LONG BEACH, CA-The 31st Long Beach Jazz Festival did what it was meant to do: make you feel good. The annual trek down by the seaside near the Queen Mary in downtown Long Beach was just as good as it has been in the past. Honestly, the big takeaway from the three-day event was that all the players seemed intent on incorporating fun as part of their performances.
The festival opened Friday with headliner and renowned world musician Jonathan Butler, closing the show out. Saturday, the second day of the festival was like going back to school and re-living the past with a bit of nostalgia in the midst as guitarist Doc Powell and sax man Everette Harp played alongside each other and brought a lot of energy to the stage.
Powell and Harp worked in conjunction of each other as they welcomed and complimented the spirited vocals of the lovely Chante Moore, who sounded as wonderful as she did when she first broke onto the music scene with her blockbuster hit album “Precious” way back in 1992. The sultry hitmaker performed some of her tunes (much to the delight of the audience) from that album that got the crowded revved up a bit.
When Moore busted out with “Love’s Taken Over,” her biggest smash single from “Precious,” that seemed to stir some romantic juices among some of her longtime and faithful fans. Like the soul songbird Denise Williams, Moore’s vocals seems to be right at home performing for the smooth jazz genre as she pleasantly belted out the classic “Free.”
Moore’s performance, if anything, is indicative that her place in the musical realm is at home in an intimate jazz setting where her mastery of falsetto acrobats of love songs will be fully appreciated. The power in Moore’s voice is as strong as it has ever been, cutting through the sweltering Long Beach heat like butter on sliced bread.
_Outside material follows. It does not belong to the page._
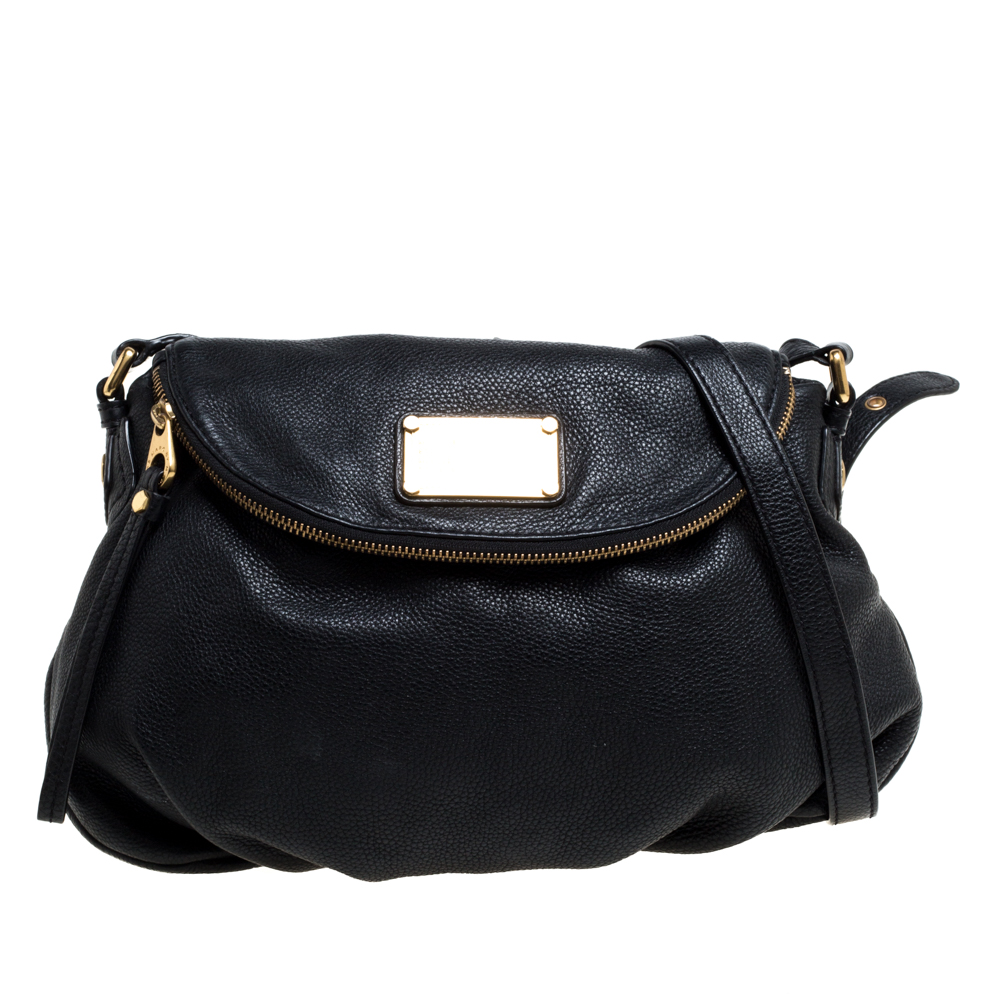 Pre Owned Marc by Marc Jacobs Black Leather Classic Q Natasha Flap Bag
It’s a wonder why Moore’s amazing vocal theatrics doesn’t get the love and attention it fully deserves.
As far as Powell and Harp, the two longtime smooth jazz musicians grooved along their set with knife-like precision and found the pulse of the Long Beach Jazz Festival crowd with their respective instruments and strummed the audience along with them on their joyous trip that included a couple of funk-tinged songs. The magic coming from Harp’s saxophone is the pulse-generated soulfulness that the Houston, Texas native illuminates with enough ease to make you melt in your boots.
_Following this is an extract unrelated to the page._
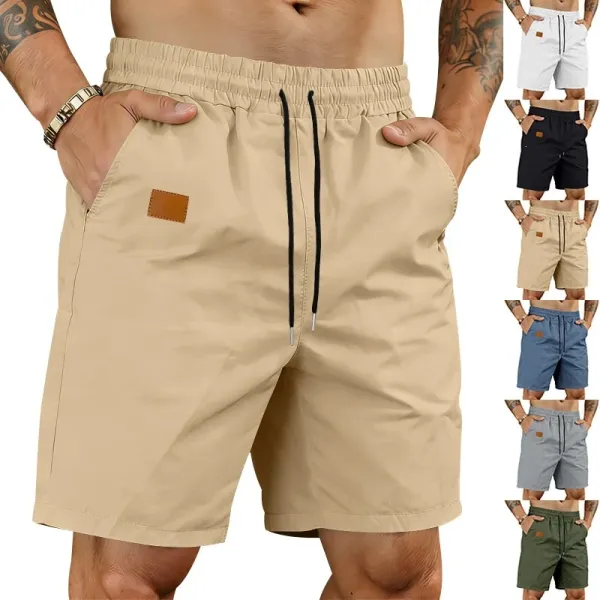 Design Drawstring Waist Shorts Black - 2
Latin jazz master Poncho Sanchez wants you to do more than stay in your boots or shoes; he just wants you to move. Period. Following behind the coolness of Powell, Harp, and Moore, Sanchez shook things up with his Latin jazz ensemble getting people out of their seats. Day 3 of the Long Beach Jazz Festival brought out more smooth jazz heavy hitters, including Kirk Whalum, Keiko Matsui, and David Benoit, among others. Vocalist Randy Crawford and Stanley Clarke also performed.
The highlight on this day was getting to see Matsui on stage live. There are not enough superlatives to bestow on Matsui as a renowned artist. Her hour-long set as the event’s third act was exciting to watch and compelling. The thing about Matsui, known for exceptional piano skills, she is not the type of performer to stay hidden behind her musical instrument. Matsui is as good as any performer in working the crowd and engaging the audience into whatever she is playing for them.
For the veteran smooth jazz buff, besides the appreciation of the longtime stalwarts of the industry still maintaining and holding down the fort for a little while longer, a newbie on the scene almost stole the show. Just several years removed from graduate school, Jazmin Ghent is fast gaining recognition and reputation as one of those up and coming artists in smooth jazz. Named as the Smooth Jazz Network’s Best New Artist of 2017, Ghent put it down during her scheduled stint.
Collaborating with keyboardist Brian Simpson, Ghent and her saxophone, which looked like it is as big as she is, rocked the early session of the Long Beach Jazz Festival, going Aretha Franklin on one of the soul singer’s signature songs.